§ Work to be completed
Leave every picture out and return the rest of the listing verbatim.

§ Raw data
-*-

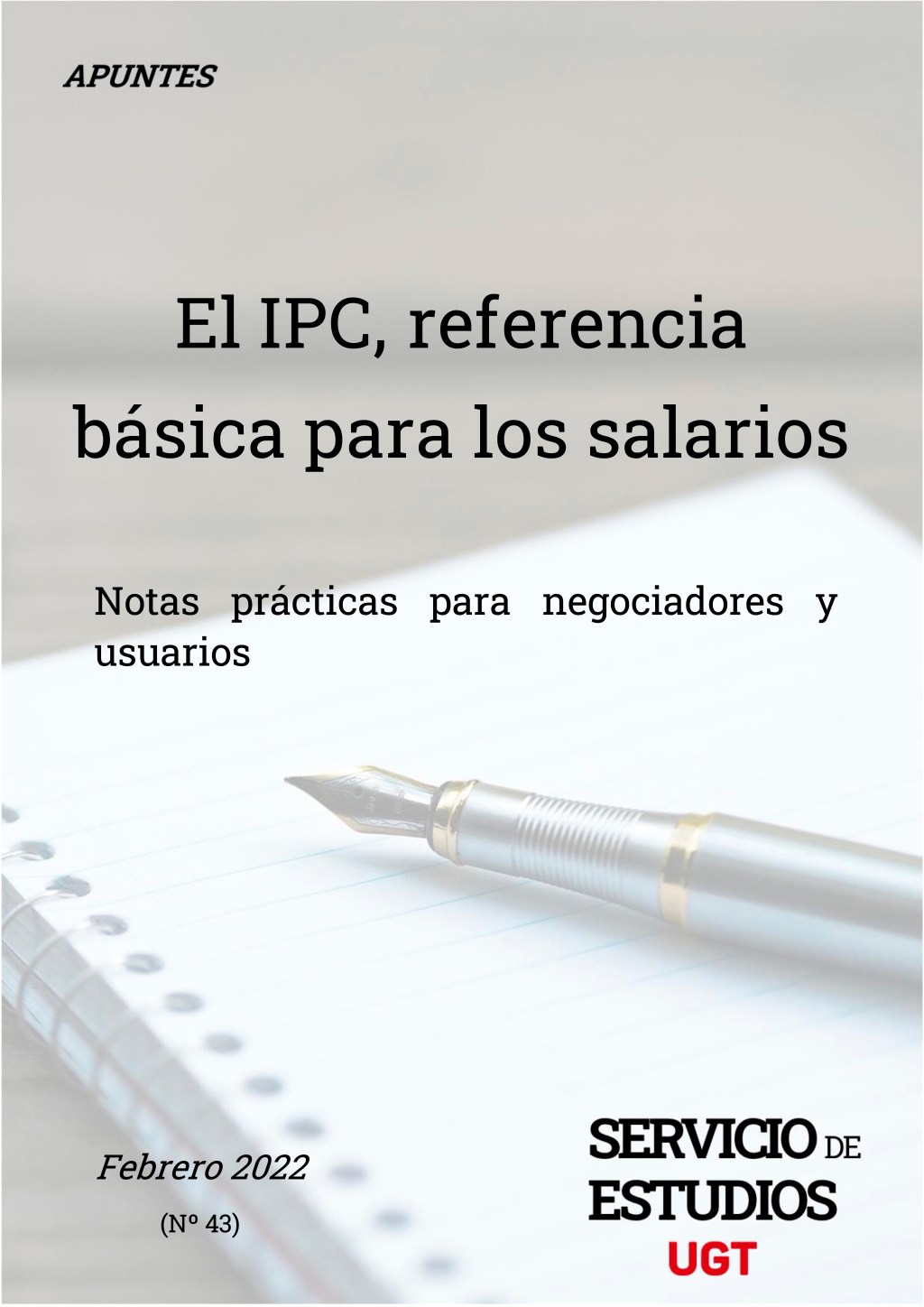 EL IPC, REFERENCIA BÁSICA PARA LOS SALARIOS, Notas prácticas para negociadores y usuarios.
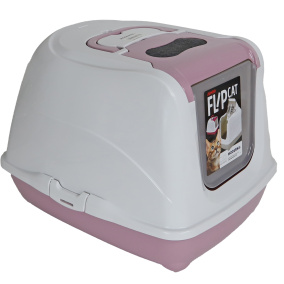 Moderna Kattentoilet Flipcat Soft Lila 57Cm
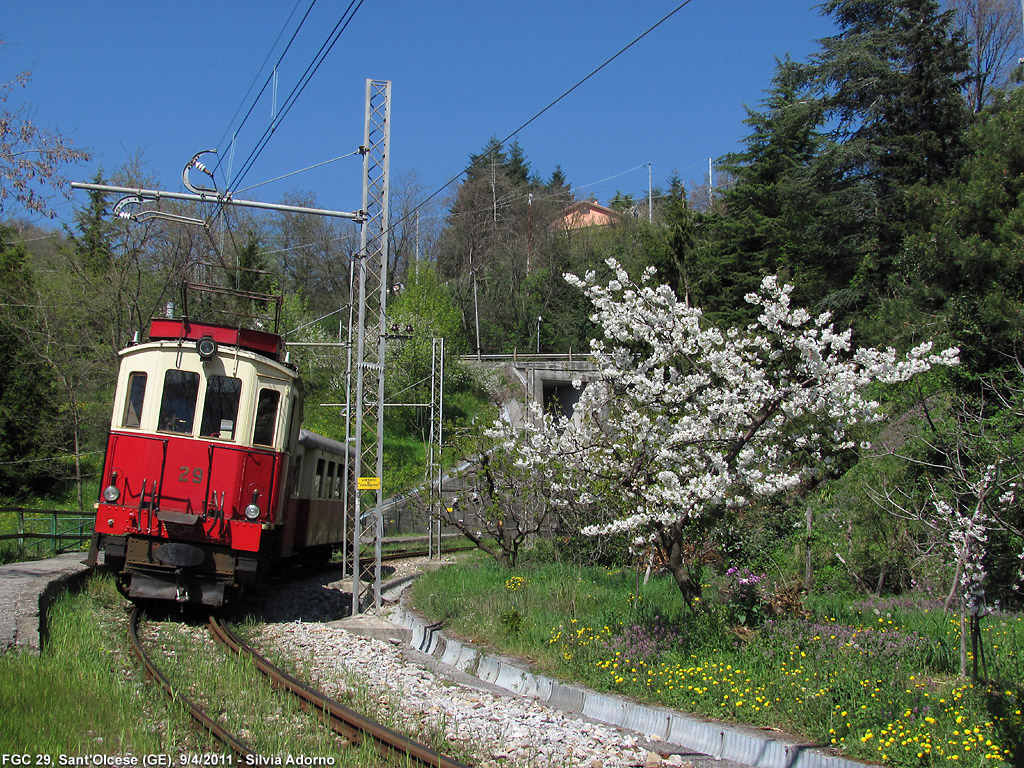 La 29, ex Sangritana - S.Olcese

-*-

§ Answer space
 EL IPC, REFERENCIA BÁSICA PARA LOS SALARIOS, Notas prácticas para negociadores y usuarios.
 Moderna Kattentoilet Flipcat Soft Lila 57Cm
 La 29, ex Sangritana - S.Olcese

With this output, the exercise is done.